Microscopic description:

The tumor shows two cell populations. One type of cells have increased nuclear to cytoplasmic ratio, salt and pepper chromatin and prominent nucleoli. Adjacent to that, there is another population of cells with eosinophilic cytoplasm and nuclear atypia consistent with urothelial carcinoma.

IHC show positive synaptophysin for one population of cells and positive GATA3, CK7 and CK 20 for another population of cells. These features are consistent with diagnosis of urothelial carcinoma with small cell/neuroendocrine features and conventional features.

Discussion:

Small cell neuroendocrine carcinoma as a primary tumour of bladder may be pure, although at least half of cases in most series are mixed with non‐small cell components, such as urothelial or glandular elements. Primary SCCB is a rare and aggressive tumour with poor prognosis.

Approximately 400 cases have been reported in the literature.

The mean age of presentation is 67.8 years and there is a striking male predisposition—5:1.

More than 90% of patients present with hematuria; rare cases present with paraneoplastic syndromes including hypercalcemia, Cushing’s syndrome and sensory neuropathy.

Molecular genetic evidence suggests a common clonal evidence for small-cell carcinoma and coexistent urothelial carcinoma.

The tumor usually has a patternless pattern of diffuse growth, although occasionally and focally some nesting may be present. The cells have scant cytoplasm and consequently show nuclear crowding and molding. Nucleoli are inconspicuous and the chromatin is finely stippled.

Tumors are positive for chromogranin A and synaptophysin (greater than 60% of cases) and frequently show a dot-like positivity for pan-cytokeratin. TTF-1 may be positive in almost 40% of the cases.68 Other reported markers include p53 (75%), c-kit (27%) and EGFR (27%). Cytokeratin CAM5.2 is present in both urothelial carcinoma and small-cell carcinoma, but the pattern of staining is punctate along the membrane in the first case, and perinuclear in the latter.

Differential diagnosis includes lymphoma, lymphoepithelial-like carcinoma from the lung, metastases from another neuroendocrine tumor (lung), neuroendocrine carcinoma of the prostate infiltrating the bladder, rhabdomyosarcoma (in children).

References:

Ghervan L, Zaharie A, Ene B, Elec FI. Small-cell carcinoma of the urinary bladder: where do we stand?

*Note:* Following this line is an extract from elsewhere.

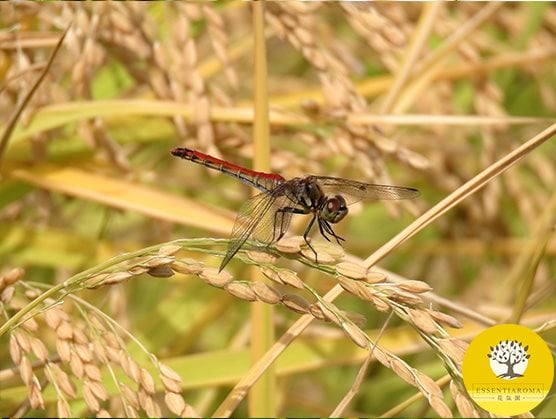 【24節氣：芒種】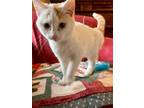 Adopt Cheeto a White (Mostly) American Shorthair / Mixed (short coat) cat in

Clujul Med. 2017;90(1):13-17. doi: 10.15386/cjmed-673. Epub 2017 Jan 15. PMID: 28246491; PMCID: PMC5305081.

Ismaili N. A rare bladder cancer--small cell carcinoma: review and update. Orphanet J Rare Dis. 2011 Nov 13;6:75. doi: 10.1186/1750-1172-6-75. PMID: 22078012; PMCID: PMC3253713.

Masood B, Iqbal N, Iqbal W, Masood Y, Akbar MK, Mamoon N. Small-cell neuroendocrine carcinoma of the urinary bladder: A case report. Int J Health Sci (Qassim). 2020 Mar-Apr;14(2):53-55. PMID: 32206060; PMCID: PMC7069666.